Develop a better ladder system

This is first on the list because it’s so damn important. Let’s take a look into the ranked ladder systems of two of the most popular eSports out right now: League of Legends and Counter-Strike: Global Offensive.

League of Legends:
  • Has 7 tiers with 5 divisions in each of them (except Master and Challenger)
  • Has a ranked inactivity decay system above Platinum tier
  • Has a year-long season in which Gold and above receive a free champion, Victorious skin, Victorious ward skin, Summoner icon, and loading screen border according to how they’ve placed
  • Gives special loading screen border rewards to the top 10 players in Challenger
Counter-Strike: Global Offensive
  • Has 16 ranks
  • Uses an ELO system with a hidden score so that you never know when you’ll rank up
  • Rewards and ranks players based on their individual performance
  • Has a lifetime ladder which never resets

These are two very different systems because they’re two very different games. Competitive FPS games have more or less always followed the same model that CS:GO is working with, but CS:GO does a great job refining the ranks. This is achieved through having so many different ranks and incorporating a measure of individual skill, although CS:GO is a team game. In CS:GO, it’s hard to argue that there’s some “ELO hell” like many—incorrectly—argue exists in League of Legends.

However, I’d say that League of Legends’ ranking system is better overall. It’s more rewarding, has greater depth to it, and really presents a challenge to you as a player. It’s great that the top 200 ranked players are displayed within the client, and you can see where you fall within your own tier division.

League of Legends ladder

Hearthstone really lacks most parts of both of these systems. It’s a relatively plain system. Every month, the ladder soft resets and everyone’s rank takes a hard shift backwards. You earn a star when you win a game, and lose a star when you lose a game.
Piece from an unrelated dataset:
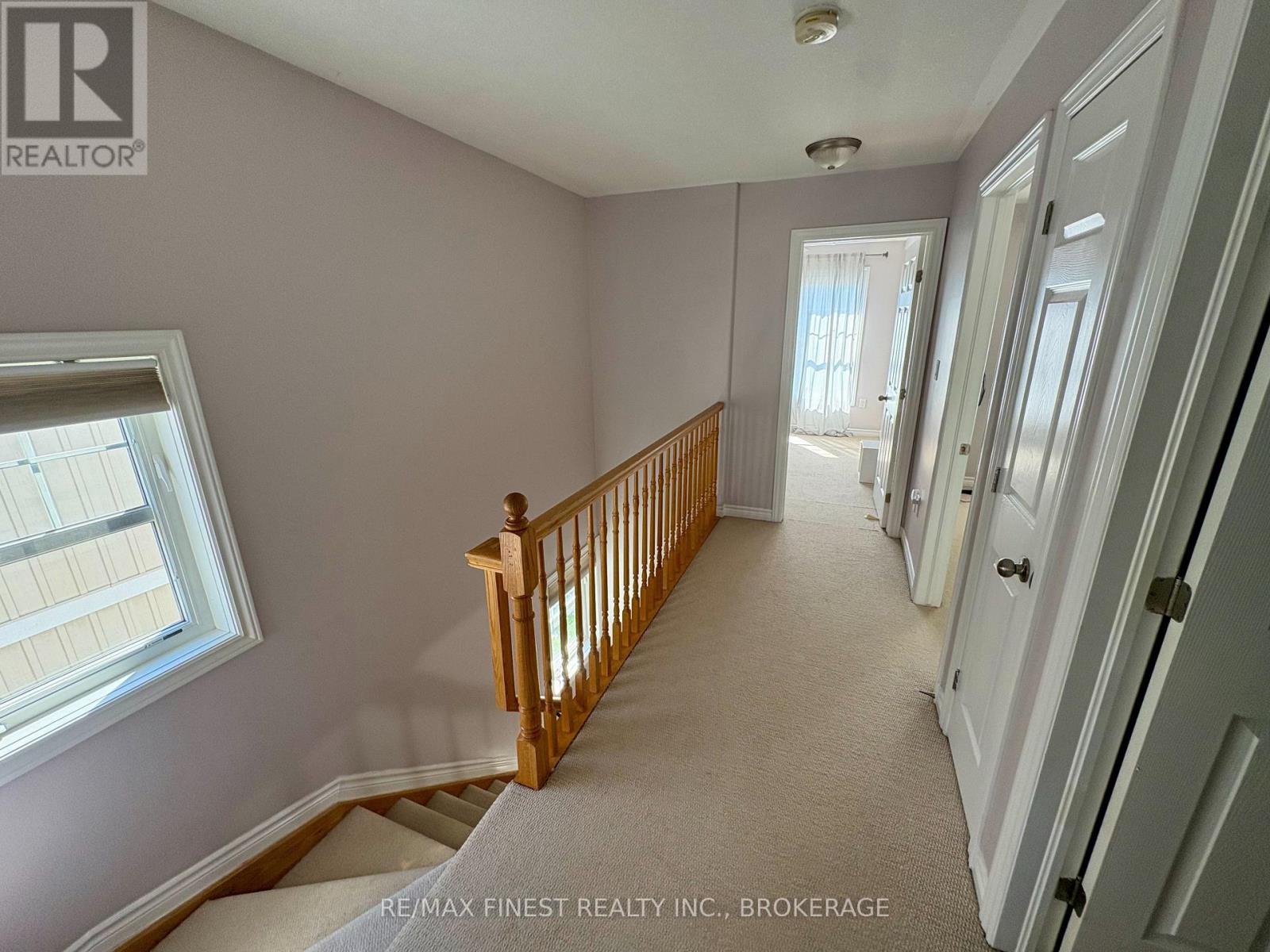 769 Newmarket Lane — photo 12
  • Ranks 21–25 require 2 stars to rank up. You can’t lose stars, and you can get a streak bonus of an additional star for winning your third (and any consecutive) game in a row.
  • Ranks 16–20 require 3 stars. You can get a streak bonus of an additional star for winning your third (and any consecutive) game in a row.
  • Ranks 15–11 require 4 stars. You can get a streak bonus of an additional star for winning your third (and any consecutive) game in a row.
  • Ranks 6–10 require 5 stars. You can get a streak bonus of an additional star for winning your third (and any consecutive) game in a row. 
  • Ranks 1–5 require 5 stars.

Above rank 1 is Legend, which actually gives you a rank based on your overall ranking on the server you’re playing on. If you’re the 2,000th highest-ranked player in North America, your rank in Legend will be 2,000. Once you’ve reached Legend, you can’t fall back down into the standard ranks.
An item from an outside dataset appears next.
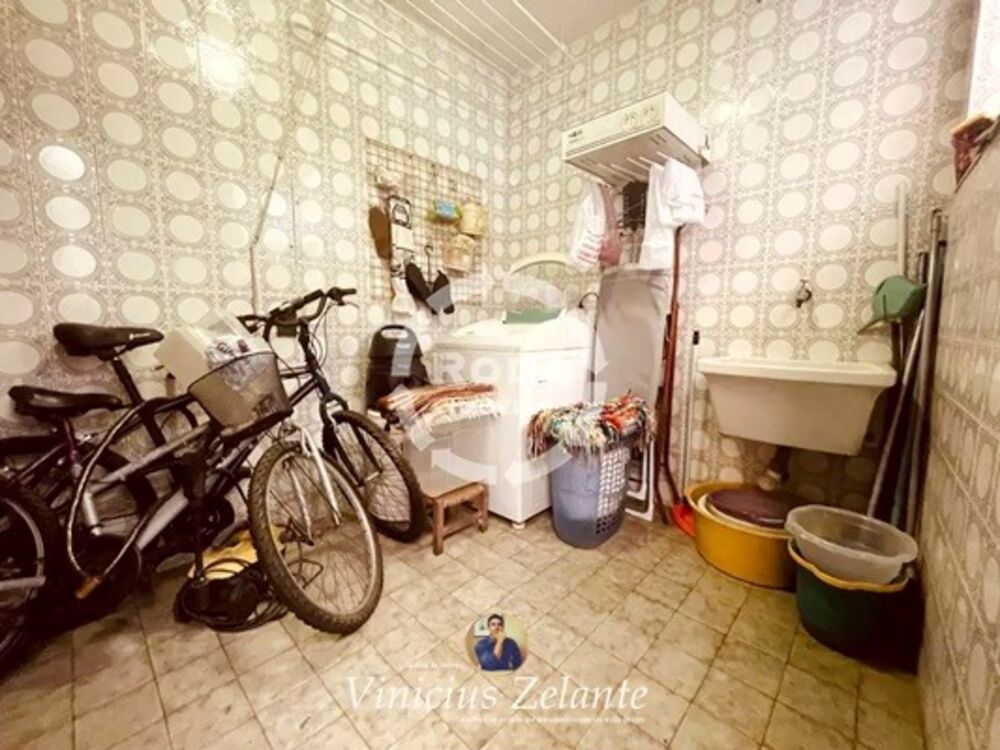 Casa à venda com 3 quartos, 156m² - Foto 13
The rewards at the end of each month depend on where you’ve ranked. Ranking 20 and higher will unlock a permanent card back and a ranked chest based on where you finished. For example, Legend players will receive 3 golden Commons and 1 golden Epic, whereas rank 20 players 1 golden Common and 5 dust.

The top 100 players are listed publicly in a monthly post on the Hearthstone blog from Blizzard. They’re also eligible to receive points towards the Hearthstone Championship Tour, the official annual tournament that Blizzard hosts.
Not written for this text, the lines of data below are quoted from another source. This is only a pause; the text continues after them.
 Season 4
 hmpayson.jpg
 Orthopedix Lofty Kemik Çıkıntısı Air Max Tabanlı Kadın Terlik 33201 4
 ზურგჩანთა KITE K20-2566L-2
Now, you’re probably asking, “Well, how’s that bad?” It sounds like they’re doing a lot, and they actually are. However, there’s a certain emptiness about each season. Hearthstone has mentioned numerous times that one of their goals of the client is for it to be very easy to use. However, it leaves a lot to be desired when it comes to a competitive ladder.

There’s no way to see who the top players are at any given time. The only way you can even see anyone’s ranks is if you have them on your friends list. The aforementioned monthly post from Blizzard is the only real way you can see where anyone stands, and by then that information is outdated anyway. One of the most important things for Blizzard to do is to create a more open and transparent ladder, because that’s what makes people hungry. Competitive players want to see who is ranked around them. Competitive players want others to see their rank so they can be proud of it.

Hearthstone goes somewhere that no other game has gone in directly integrating ladder performance into their championship format. In Hearthstone, you don’t have to be a big name. You simply have to play the game, finish near the top at the end of each month, and you’ll be granted an amount of points that qualify you to participate in Blizzard’s Hearthstone championship series. If it seems trivial as to why the in-game ladder would effect the eSport, this is why.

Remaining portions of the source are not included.